While the mystery of the moment suffices, the real treat is the slow-growing development of the characters.

An innkeeper in a Spirit-filled little New York town hopes a 19th-century diary will help her find the whereabouts of a missing guest.

Juneteenth marks a year since Bella Jordan came to Lily Dale with her young son, Max. The cottage community isn’t the sort of place she thought she’d end up after the sudden death of her husband, Sam, but it turns out to be the perfect spot to heal and renew herself. While most of the community is involved in the woo-woo—think clairvoyance and natural healing—Bella’s job as the local innkeeper keeps her engaged in the community without obliging her to draw on a connection to the town’s capital-S Spirit. Not that she doesn’t feel some sort of connection to Spirit, but she’s not yet ready to open herself to it. When Max spends his first night away from home at a sleepover with mischievous neighbor Jiffy, Bella’s left alone to welcome an unanticipated visitor to the inn. Lemuel is a soft-spoken Black man whom Bella implicitly trusts when she sees his gentleness with her cats, Chance and Spidey.
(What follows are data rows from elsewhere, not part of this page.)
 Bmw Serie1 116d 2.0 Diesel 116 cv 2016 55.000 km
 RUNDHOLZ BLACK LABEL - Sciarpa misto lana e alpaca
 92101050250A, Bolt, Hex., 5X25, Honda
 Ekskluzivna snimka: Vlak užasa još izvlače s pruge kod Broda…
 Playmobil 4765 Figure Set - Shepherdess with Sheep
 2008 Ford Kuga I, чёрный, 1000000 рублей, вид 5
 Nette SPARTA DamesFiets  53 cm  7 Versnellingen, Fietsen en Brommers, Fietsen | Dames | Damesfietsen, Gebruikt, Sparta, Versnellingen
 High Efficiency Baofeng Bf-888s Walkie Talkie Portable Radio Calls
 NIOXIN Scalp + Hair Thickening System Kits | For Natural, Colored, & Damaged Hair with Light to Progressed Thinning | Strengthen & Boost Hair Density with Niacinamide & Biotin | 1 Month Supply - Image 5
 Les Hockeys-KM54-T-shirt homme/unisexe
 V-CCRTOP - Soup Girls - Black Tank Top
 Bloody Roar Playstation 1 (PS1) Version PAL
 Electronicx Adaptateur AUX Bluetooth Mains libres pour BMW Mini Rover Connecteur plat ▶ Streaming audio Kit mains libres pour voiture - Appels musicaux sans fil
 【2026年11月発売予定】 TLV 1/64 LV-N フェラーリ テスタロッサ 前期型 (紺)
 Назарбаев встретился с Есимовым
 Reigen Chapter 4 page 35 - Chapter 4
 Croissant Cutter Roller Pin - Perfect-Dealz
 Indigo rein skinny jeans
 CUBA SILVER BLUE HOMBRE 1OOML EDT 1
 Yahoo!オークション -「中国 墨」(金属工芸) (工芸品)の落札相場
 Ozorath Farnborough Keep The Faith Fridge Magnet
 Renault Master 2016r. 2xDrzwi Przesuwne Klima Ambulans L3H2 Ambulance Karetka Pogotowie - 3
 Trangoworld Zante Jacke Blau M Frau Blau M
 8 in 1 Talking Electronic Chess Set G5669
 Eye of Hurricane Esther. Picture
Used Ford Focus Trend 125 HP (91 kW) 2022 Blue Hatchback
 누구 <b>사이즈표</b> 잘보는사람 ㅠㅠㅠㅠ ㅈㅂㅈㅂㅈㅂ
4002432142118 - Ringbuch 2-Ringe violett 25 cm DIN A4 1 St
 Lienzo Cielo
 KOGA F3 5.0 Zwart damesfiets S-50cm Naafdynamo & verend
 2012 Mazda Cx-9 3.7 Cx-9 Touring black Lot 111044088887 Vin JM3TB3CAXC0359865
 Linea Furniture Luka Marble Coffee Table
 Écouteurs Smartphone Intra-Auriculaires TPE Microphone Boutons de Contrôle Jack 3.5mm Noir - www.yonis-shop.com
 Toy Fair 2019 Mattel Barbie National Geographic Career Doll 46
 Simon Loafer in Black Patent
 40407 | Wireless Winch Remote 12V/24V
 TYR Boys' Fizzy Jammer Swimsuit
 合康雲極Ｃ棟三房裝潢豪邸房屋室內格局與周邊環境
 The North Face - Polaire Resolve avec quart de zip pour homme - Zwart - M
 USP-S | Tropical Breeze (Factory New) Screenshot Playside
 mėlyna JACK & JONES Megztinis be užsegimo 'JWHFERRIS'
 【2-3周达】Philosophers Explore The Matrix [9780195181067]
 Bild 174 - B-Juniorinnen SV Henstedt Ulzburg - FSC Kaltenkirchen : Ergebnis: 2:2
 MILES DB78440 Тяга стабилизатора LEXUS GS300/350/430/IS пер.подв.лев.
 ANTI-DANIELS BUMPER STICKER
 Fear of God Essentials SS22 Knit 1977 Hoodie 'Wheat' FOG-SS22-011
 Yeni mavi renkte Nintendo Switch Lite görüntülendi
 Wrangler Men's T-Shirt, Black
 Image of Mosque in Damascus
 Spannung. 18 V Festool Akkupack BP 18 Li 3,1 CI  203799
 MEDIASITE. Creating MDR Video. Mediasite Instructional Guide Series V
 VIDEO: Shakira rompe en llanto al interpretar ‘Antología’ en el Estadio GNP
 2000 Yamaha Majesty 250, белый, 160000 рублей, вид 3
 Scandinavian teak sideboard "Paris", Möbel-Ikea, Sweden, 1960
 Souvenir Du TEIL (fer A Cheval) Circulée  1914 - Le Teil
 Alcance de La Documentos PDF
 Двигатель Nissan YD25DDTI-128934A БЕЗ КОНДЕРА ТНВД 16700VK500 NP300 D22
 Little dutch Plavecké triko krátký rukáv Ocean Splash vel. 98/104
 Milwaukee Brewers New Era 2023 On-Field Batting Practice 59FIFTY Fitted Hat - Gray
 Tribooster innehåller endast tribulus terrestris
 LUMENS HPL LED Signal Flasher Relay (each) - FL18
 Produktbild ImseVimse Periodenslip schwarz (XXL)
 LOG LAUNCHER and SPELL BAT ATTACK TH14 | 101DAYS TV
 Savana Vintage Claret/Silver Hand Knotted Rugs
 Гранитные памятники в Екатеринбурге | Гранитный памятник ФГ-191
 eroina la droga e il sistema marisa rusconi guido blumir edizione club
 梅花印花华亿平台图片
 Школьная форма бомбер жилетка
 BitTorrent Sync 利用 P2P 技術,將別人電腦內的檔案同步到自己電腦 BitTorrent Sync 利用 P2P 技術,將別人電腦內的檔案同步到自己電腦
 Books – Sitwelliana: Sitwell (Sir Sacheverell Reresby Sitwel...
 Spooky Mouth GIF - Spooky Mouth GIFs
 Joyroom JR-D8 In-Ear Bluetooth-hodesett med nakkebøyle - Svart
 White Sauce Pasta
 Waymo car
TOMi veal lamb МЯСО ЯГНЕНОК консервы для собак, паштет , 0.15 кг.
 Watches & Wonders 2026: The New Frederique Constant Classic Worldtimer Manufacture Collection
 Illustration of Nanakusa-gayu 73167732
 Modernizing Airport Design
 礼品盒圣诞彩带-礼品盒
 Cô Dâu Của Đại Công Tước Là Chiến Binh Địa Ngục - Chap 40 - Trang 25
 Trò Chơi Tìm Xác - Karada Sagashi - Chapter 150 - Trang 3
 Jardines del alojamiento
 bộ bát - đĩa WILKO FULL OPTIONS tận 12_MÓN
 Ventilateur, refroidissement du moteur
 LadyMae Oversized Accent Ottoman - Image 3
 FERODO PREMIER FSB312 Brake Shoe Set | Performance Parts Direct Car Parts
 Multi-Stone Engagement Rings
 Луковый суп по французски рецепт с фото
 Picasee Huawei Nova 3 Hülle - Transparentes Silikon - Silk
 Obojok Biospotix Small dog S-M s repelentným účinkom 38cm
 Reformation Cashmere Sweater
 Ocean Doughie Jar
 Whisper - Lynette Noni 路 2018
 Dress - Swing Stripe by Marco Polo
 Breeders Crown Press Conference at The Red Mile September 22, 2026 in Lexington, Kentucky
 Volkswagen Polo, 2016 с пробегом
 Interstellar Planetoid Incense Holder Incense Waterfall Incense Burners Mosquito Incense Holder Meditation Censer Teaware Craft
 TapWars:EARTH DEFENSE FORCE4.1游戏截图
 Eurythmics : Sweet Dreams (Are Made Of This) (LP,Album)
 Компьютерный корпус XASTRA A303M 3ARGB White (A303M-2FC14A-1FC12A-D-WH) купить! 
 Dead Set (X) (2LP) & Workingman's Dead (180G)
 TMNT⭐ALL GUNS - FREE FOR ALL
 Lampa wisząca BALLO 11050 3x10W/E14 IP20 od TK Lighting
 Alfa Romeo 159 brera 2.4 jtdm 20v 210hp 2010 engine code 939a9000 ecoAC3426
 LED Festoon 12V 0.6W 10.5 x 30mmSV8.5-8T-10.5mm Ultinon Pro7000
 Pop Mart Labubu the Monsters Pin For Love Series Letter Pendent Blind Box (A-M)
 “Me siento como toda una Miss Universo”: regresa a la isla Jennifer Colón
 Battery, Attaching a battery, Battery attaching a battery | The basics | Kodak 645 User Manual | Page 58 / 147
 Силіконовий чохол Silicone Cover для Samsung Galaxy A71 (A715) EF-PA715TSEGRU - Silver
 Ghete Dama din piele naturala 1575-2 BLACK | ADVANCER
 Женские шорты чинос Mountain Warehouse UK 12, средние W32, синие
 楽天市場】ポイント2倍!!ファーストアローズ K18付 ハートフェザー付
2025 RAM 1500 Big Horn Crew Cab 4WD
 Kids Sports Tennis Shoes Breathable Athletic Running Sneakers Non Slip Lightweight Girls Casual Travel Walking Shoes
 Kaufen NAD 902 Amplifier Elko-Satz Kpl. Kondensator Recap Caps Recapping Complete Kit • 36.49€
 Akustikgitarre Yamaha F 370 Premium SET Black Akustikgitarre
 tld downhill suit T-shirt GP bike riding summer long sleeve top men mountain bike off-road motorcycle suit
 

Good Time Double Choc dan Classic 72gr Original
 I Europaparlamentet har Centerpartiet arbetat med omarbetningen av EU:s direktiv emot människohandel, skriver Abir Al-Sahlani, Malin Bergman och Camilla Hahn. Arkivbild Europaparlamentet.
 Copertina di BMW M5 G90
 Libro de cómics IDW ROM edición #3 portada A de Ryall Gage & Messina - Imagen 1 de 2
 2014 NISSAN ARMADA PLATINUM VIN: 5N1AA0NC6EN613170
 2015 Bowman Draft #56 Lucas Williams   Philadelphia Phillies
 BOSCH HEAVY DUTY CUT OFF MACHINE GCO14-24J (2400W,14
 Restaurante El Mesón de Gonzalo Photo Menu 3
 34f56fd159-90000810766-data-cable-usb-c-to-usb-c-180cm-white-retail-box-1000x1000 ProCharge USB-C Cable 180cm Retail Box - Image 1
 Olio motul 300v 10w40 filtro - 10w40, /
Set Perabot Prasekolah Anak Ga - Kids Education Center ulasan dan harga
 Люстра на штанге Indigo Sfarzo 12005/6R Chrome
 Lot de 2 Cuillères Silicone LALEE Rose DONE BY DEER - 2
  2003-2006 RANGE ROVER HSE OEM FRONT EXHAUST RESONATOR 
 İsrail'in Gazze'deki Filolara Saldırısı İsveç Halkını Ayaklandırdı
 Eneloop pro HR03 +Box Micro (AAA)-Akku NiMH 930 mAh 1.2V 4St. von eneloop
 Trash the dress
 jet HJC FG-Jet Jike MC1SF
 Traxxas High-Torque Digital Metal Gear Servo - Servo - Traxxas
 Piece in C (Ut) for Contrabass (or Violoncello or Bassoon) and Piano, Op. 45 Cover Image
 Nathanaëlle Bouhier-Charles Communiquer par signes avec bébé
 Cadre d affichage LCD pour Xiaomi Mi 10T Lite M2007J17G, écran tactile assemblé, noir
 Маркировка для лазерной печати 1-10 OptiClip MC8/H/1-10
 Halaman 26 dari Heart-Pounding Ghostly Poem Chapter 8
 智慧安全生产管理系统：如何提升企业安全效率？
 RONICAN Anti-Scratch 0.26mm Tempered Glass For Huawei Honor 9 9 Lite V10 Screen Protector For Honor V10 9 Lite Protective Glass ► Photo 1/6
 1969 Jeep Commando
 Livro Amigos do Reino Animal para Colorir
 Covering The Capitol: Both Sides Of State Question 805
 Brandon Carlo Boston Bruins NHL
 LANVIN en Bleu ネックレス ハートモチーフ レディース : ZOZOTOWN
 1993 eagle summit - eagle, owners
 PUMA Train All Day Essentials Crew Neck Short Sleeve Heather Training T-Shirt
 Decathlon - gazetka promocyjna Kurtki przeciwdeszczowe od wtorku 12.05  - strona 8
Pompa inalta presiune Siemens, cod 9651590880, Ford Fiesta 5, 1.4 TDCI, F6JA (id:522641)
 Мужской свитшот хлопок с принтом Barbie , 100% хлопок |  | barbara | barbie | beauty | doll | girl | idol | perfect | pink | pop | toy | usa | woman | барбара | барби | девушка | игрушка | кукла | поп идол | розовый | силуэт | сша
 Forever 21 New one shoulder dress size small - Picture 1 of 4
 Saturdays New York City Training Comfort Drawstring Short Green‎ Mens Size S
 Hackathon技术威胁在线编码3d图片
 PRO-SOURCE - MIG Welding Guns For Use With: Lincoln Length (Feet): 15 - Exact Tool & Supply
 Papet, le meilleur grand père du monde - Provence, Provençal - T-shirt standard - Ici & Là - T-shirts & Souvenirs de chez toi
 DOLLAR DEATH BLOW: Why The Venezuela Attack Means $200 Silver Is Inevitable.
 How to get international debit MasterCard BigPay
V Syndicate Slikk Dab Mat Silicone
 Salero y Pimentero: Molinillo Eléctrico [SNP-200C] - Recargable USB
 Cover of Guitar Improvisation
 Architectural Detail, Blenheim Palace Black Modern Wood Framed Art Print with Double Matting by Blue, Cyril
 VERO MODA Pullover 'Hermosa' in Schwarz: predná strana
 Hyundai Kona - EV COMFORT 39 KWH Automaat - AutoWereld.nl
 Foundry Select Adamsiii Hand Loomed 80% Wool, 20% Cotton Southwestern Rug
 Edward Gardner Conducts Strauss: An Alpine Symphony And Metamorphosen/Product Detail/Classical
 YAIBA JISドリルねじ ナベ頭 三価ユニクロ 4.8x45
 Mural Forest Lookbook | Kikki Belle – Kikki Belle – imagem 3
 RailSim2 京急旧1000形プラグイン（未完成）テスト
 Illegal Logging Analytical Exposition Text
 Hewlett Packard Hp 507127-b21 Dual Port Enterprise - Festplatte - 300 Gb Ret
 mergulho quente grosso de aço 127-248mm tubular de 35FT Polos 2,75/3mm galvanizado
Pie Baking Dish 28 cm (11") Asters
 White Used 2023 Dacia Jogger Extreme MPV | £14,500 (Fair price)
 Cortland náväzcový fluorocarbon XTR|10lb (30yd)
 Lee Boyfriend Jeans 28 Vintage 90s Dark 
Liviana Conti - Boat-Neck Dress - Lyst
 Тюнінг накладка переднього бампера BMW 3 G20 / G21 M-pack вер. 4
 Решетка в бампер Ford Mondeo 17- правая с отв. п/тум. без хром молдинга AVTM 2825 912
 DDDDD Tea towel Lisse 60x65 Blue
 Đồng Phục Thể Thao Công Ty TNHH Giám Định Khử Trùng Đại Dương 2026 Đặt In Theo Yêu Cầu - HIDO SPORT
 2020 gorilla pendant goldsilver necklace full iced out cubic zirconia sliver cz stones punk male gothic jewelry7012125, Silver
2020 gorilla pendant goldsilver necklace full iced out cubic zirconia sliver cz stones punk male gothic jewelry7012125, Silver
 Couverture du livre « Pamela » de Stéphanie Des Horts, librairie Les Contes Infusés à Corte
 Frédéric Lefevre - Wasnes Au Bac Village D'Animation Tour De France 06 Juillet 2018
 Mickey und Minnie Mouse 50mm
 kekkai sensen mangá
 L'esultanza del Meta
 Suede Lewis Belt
Even though her boyfriend, local vet Drew Bailey, has discouraged Bella from opening the place to guests when she’s alone, she’s not worried when she offers Lemuel the Seaside Room for the night. But the next day, Lemuel has vanished without a trace except for the satchel he’s left behind. Worrying overnight about Lemuel’s disappearance, Bella wonders if the old diary in his bag might have clues. As Bella reads the diary, the thoughts of a young woman in the 1800s, she begins to wonder if a link to the past may provide answers about her missing guest.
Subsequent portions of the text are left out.